But it was a room. In New York City. And I was about to pitch my novel to people who were going to love it. I told myself I was going to be just fine.


Though I did wonder about that weird hole near the top of the wall behind my bed…


It was too high up to see into and too small for a person to fit through, so I elected not to worry about it. It was fine. Everything was fine. I had to focus.


The first part of the conference was a workshop. I met my group of fellow writers, all with the same expression of nervous anticipation, and I felt like I had found my people. We polished and scrubbed our pitches until they gleamed, then presented them to the powers that be for review.

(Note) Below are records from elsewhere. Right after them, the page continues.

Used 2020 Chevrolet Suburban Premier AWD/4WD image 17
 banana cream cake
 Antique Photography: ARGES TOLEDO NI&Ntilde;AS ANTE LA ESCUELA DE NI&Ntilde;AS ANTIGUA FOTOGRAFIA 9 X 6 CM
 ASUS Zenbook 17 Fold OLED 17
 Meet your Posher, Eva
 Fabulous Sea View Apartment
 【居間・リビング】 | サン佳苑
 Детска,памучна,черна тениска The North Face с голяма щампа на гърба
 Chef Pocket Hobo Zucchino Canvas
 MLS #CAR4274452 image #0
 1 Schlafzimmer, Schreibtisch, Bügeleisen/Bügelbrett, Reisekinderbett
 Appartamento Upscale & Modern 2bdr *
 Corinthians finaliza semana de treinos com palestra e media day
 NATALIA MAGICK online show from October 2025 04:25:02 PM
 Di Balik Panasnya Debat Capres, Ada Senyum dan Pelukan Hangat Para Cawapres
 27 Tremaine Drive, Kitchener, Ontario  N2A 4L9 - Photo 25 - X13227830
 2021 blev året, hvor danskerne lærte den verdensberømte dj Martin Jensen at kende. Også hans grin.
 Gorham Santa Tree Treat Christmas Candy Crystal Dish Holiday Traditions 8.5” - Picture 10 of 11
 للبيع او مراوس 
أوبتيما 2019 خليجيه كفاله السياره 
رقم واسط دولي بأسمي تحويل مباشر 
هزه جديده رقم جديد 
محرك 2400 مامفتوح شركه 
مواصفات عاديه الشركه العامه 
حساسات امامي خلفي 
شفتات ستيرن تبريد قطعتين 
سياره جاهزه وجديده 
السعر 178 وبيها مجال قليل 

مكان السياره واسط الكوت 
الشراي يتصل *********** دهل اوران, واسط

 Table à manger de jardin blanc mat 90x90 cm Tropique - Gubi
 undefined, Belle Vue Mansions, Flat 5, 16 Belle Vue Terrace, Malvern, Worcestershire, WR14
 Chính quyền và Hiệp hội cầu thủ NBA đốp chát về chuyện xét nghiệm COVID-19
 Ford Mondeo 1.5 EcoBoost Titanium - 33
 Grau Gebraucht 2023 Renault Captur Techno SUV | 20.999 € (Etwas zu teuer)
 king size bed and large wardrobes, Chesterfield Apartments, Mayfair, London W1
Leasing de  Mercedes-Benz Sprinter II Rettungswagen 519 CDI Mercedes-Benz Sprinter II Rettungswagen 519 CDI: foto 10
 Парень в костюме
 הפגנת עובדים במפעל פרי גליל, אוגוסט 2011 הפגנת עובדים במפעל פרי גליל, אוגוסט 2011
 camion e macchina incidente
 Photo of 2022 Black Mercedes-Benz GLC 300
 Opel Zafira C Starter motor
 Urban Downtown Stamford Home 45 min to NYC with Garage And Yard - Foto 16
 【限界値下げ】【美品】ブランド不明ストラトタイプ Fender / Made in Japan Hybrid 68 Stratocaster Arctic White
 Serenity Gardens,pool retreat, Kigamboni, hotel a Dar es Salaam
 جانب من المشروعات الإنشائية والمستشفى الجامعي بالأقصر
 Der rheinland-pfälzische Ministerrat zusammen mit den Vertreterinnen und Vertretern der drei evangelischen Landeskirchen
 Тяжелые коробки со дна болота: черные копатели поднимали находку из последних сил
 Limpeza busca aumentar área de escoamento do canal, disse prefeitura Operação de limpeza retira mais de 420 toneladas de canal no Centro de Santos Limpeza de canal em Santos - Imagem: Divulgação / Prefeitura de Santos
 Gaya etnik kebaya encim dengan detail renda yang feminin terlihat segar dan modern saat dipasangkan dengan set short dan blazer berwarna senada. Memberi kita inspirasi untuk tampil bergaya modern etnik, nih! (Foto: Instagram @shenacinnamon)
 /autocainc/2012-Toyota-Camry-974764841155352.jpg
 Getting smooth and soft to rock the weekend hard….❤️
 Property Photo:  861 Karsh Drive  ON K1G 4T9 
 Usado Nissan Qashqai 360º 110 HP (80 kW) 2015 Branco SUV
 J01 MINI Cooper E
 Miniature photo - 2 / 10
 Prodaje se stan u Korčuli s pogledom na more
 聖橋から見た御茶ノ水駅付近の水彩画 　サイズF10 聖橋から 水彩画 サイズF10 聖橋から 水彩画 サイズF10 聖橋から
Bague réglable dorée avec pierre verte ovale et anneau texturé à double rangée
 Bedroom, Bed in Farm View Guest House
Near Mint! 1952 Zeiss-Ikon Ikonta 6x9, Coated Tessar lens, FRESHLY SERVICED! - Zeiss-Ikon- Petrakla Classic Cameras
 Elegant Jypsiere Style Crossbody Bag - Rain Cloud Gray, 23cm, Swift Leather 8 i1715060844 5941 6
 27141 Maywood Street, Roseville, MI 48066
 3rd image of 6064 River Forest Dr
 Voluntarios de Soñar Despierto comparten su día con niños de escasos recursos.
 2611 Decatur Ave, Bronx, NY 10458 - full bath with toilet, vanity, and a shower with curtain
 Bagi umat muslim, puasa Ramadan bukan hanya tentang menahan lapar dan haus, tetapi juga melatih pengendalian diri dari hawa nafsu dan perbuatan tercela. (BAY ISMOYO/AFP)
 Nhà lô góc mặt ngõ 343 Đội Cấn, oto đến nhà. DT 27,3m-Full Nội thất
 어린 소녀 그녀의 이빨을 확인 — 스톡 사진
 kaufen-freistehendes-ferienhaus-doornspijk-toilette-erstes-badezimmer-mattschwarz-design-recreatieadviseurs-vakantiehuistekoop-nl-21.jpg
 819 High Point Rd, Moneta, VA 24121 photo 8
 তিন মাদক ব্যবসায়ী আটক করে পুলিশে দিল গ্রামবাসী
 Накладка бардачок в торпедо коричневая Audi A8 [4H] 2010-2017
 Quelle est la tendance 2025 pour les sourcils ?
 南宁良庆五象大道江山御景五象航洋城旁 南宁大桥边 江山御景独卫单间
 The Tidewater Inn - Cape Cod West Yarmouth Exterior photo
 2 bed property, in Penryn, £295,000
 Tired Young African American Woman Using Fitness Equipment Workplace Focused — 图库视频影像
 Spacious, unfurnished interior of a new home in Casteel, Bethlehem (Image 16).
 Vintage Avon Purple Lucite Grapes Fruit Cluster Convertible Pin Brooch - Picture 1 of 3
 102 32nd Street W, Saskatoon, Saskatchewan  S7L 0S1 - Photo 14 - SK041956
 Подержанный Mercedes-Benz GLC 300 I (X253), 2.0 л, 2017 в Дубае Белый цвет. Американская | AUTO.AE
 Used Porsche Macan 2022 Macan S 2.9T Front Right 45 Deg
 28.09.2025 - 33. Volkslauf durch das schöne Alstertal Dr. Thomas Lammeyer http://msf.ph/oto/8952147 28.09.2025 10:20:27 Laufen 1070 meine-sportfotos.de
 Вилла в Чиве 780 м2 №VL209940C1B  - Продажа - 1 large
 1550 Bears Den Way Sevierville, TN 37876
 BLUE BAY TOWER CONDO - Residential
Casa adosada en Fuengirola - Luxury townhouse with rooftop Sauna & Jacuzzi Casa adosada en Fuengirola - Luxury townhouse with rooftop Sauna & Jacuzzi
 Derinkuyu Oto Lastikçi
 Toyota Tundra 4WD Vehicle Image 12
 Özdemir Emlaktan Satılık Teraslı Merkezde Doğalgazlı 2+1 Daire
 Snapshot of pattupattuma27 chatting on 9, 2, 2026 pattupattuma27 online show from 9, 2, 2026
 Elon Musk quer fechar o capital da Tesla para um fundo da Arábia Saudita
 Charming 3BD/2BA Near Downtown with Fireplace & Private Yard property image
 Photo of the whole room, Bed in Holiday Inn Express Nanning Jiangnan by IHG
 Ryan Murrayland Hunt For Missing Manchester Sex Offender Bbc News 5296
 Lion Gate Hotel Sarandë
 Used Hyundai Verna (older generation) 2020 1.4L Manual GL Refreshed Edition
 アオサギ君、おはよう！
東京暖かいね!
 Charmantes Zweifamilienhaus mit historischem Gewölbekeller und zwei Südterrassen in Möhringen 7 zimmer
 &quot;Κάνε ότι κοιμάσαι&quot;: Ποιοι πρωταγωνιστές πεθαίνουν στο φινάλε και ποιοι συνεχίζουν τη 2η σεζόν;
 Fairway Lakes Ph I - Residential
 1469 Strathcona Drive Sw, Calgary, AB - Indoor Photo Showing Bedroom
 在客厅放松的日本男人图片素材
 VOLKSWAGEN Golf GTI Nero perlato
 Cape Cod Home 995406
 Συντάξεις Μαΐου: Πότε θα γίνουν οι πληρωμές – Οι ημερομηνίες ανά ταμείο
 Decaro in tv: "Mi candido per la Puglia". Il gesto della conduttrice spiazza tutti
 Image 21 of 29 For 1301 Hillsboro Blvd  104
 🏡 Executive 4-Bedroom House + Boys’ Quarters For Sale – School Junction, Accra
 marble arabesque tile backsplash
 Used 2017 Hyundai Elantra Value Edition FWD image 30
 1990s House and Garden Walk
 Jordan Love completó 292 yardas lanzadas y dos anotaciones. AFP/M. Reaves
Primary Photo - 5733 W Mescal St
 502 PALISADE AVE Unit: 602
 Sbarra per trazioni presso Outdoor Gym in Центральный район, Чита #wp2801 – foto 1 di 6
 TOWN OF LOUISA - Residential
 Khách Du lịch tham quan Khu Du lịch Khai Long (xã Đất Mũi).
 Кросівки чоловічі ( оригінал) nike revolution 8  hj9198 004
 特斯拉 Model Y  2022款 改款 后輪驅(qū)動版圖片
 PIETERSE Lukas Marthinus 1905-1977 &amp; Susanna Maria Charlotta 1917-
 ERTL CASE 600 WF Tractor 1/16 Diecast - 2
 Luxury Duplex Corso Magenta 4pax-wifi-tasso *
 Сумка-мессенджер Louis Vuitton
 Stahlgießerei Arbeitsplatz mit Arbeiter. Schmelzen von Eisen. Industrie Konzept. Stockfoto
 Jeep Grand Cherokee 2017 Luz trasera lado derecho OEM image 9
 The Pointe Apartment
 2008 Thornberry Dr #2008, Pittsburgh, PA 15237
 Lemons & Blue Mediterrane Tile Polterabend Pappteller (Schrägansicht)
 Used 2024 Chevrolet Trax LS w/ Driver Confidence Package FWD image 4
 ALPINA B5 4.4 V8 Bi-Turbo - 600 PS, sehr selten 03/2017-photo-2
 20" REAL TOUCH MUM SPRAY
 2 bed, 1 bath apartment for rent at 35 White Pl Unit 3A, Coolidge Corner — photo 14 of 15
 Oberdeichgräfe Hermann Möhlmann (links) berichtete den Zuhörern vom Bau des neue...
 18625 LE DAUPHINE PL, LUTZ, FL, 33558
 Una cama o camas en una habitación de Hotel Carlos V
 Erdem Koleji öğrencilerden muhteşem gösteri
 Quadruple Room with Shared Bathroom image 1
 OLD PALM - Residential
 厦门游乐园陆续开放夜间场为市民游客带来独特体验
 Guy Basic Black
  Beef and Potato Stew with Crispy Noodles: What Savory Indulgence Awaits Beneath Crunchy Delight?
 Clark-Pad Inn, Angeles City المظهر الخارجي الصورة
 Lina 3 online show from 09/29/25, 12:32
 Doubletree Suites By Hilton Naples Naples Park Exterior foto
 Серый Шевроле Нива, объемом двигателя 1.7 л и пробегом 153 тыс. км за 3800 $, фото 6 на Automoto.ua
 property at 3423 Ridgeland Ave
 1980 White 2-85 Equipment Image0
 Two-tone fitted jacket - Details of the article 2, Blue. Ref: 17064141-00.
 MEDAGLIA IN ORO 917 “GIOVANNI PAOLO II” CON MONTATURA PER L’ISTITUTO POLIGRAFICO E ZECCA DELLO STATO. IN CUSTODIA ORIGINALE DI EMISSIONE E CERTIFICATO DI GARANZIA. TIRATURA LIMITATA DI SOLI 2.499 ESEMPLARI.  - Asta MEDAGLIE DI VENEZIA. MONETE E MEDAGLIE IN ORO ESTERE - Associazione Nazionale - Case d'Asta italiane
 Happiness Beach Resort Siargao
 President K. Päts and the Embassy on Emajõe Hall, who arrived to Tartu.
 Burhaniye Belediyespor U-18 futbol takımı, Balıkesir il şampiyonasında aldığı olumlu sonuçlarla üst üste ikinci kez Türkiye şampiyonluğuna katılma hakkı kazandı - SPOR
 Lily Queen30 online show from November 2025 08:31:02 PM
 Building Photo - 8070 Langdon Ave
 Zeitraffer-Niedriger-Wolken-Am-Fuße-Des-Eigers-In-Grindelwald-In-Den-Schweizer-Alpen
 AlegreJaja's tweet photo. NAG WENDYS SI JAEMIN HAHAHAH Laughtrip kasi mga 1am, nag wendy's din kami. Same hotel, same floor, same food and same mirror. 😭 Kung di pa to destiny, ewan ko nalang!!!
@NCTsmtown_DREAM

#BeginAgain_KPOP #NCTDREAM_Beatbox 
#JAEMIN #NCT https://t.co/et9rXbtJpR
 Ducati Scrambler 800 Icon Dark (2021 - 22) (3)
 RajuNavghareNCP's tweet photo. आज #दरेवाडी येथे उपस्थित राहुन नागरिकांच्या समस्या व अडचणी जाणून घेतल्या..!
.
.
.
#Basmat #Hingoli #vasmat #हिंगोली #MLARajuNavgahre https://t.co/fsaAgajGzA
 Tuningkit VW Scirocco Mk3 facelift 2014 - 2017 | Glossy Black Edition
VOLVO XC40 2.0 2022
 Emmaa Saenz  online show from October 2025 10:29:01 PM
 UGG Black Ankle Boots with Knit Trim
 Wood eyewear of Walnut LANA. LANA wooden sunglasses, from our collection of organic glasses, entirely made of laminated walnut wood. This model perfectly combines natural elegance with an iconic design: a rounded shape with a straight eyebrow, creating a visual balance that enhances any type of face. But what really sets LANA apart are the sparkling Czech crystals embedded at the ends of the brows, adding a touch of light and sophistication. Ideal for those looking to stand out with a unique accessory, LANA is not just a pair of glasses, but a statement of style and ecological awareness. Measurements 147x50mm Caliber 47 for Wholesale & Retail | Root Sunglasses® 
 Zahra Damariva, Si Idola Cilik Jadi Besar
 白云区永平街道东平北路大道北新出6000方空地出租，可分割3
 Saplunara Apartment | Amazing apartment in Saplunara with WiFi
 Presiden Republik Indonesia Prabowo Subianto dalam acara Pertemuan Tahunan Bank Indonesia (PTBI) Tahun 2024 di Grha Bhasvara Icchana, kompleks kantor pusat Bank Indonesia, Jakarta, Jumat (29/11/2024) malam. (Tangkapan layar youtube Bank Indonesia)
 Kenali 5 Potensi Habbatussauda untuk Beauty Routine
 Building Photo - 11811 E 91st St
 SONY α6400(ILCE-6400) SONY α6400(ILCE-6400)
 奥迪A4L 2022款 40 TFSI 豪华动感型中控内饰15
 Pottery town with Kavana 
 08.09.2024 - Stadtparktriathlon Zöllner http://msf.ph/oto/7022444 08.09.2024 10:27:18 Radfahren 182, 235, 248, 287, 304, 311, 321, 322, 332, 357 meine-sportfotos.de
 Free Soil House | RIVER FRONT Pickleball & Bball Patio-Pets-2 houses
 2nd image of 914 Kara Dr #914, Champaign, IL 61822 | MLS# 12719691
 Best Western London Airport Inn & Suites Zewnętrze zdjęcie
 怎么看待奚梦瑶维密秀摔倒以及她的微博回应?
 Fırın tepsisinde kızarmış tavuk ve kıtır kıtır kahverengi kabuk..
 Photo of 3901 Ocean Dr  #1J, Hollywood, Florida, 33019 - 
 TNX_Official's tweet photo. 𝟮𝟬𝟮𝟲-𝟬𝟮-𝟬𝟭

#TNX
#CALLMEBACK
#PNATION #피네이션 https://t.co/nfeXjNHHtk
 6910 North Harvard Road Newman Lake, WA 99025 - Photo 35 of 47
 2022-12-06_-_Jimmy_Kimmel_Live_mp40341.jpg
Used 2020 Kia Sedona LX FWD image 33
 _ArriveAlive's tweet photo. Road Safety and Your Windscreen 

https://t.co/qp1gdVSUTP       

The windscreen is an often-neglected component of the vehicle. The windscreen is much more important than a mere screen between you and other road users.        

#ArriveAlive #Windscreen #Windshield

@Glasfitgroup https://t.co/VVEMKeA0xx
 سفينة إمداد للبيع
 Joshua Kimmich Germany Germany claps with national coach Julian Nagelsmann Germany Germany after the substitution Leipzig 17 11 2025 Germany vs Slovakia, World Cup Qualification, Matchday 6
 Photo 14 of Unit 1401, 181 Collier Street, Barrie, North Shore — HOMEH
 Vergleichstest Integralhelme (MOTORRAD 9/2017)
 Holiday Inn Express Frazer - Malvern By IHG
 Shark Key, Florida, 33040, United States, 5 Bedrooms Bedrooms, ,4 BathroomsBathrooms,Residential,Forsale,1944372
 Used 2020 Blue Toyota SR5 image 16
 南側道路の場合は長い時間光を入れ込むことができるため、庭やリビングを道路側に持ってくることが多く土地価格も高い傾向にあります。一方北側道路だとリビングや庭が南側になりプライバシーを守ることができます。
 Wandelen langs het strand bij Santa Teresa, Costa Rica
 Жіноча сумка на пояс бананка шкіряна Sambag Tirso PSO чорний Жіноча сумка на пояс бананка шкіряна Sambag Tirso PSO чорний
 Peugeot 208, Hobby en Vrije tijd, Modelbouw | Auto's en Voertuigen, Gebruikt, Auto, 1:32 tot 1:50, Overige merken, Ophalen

There were edits. So many edits. It was hard to see the forest through the trees — or the typography through all that red ink. That entire first night I worked determinedly through them.


By day two I was ready to pitch.


I had three pitch sessions in a row, and ... well the prior mentioned metaphorical bruised eye sockets pretty much sums up how those went.


But it was ok. I was still fine. I had one more chance on the final day before heading home. I just needed a few more edits and a really good night’s sleep. I was going to nail it!


...Which brings me to the part about the worst all nighter of my life.


I was editing late into the second night when I heard someone check into the room next door — on the side with the hole. After a few moments, the sound of the Home Shopping Network blared through the gap.


Annoying, but fine.


Then came a knock on my neighbor's door. Muffled voices. Door shut. Then, other noises started.


As a sincerely Catholic — and let’s just say unworldly — girl from the suburbs of Pittsburgh, it took me a several moments of slack-jawed denial to register what I was hearing.


Oh. Ew.


I’ve tried to block the details from memory, but suffice it to say my neighbor was loud. I remember thinking it entirely unnecessary for her to be so … vocal … while, just a few feet away, I desperately clung to what I believed was my one last chance to achieve all my hopes and dreams.


How was I supposed to edit to that soundtrack? I wasn’t writing that kind of book!


But surely it would end eventually, right? And it did. The door opened, slammed, and the glorious sound of the Home Shopping Network resumed.


I sighed in relief. Until…


Another knock.


No.


The pattern lasted all night: Home Shopping Network. Knock. Noises that made my soul cringe and the last of my innocence die.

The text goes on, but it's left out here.